- 237 Okunma
- 0 Yorum
- 3 Beğeni
VE GÜZ GELDİ ÖMÜR HANIM...
Ölümü irdeleyebilirdim eğer ki ölüm olmasa…
Düşlerimden tırnağımdan arttırdığımdı zaman ötesi mekânsız hayta yalnızlık.
Göğün kaknem kara bulutları, ölü sevici bir gazap sözcüklerden arakladığım hecelerle temelini attığım bir duygunun da peşinde iken mübalağasız cenge çıktığım, tarafsız sözcüklerimde belki de bir duvar yazısı inşa etmek istiyordum sağlam temelimin zikrine uyup da fikirlerimle gömülmek arzusu.
İkiletmiştim bir kere ruhumu.
İki dirhem bir çekirdek sessizliğim ve bir dudağı yerde bir dudağı gökte ruhumun lalası bir meclisti mademki tarafınca aforoz edildiğim hükmedene de sunduğum saygının nezdinde duyguların hâkimiyetine her ne kadar rest çeksem de olmuyordu işte duygusuz yaşamak hem de yalıtıldığım evrende katıksız bir ruha engel teşkil eden hayallerin nazarında.
‘’…Ve güz geldi Ömür Hanım. Dünya aydınlık sabahlarını
yitiriyor usul usul. İnsanın içini karartan bulutların seferi var
göğün maviliğinde. Yağmur ha yağdı ha yağacak. İncecik bir çisenti yokluyor boşluğunu insan yüreğinin.
Hüznün bütün koşulları hazır. Nedenini bilmediğim bir
keder akıyor damarlarımdan. Kalbimin üstünde binlerce
bıçak ağzı…
Bir güz düşünün ki Ömür Hanım, ilkyazı olmamış, yazı yaşanmamış,
böyle bir güzün hüznü hüzün müdür?’’(Alıntı)
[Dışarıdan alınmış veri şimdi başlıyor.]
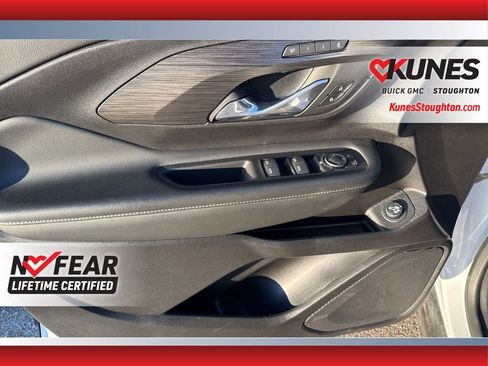 Used 2024 GMC Terrain SLT image 19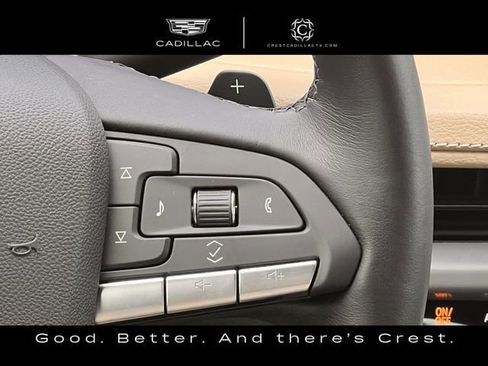 Certified 2025 Cadillac XT4 Premium Luxury FWD image 18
Müstesna bir renktim öncesinde mevsimin: şehla göğün uçuşan perdesinde saklı güneş izi.
Gün yüzlü bir mealdim ki meylettiğimdi gece, karartıların değil umudun duvağında oynaşan kelebek misali.
Kerpetenle sökmüşlerdi ölü insanlığın kalplerini bu dahi yetmemişti ki…
Ve fakat:
Dudaklarımdan dökülen…
Heyhat!
Acının menşei iken çocuk kalbim ve satır aralarından firar edip bir şiire düşmüşken yolum aşka inat kendimle olan davamda tüm çekincelerimi de ihbar etmişken Tanrıya…
Geniş cepheli idi mademki ruhum:
Salon salamanje hüzün…
Kaç oda idi ki renklerin büyülü gücü ve kaç odaya sığardı insan varsıl sözcüklerin fısıltısında da uyuyup kalmışken…
Menkıbeler sıradan.
Şiirler hazan odaklı.
Öykülerse buhran dolu bir infial.
Sözcükler kasıtlı ihbar ederken içimdeki afili yalnızlığı…
Kim idi hemhal olduğum ve neydi kimliğimin izi safi yağmura tutulduğum.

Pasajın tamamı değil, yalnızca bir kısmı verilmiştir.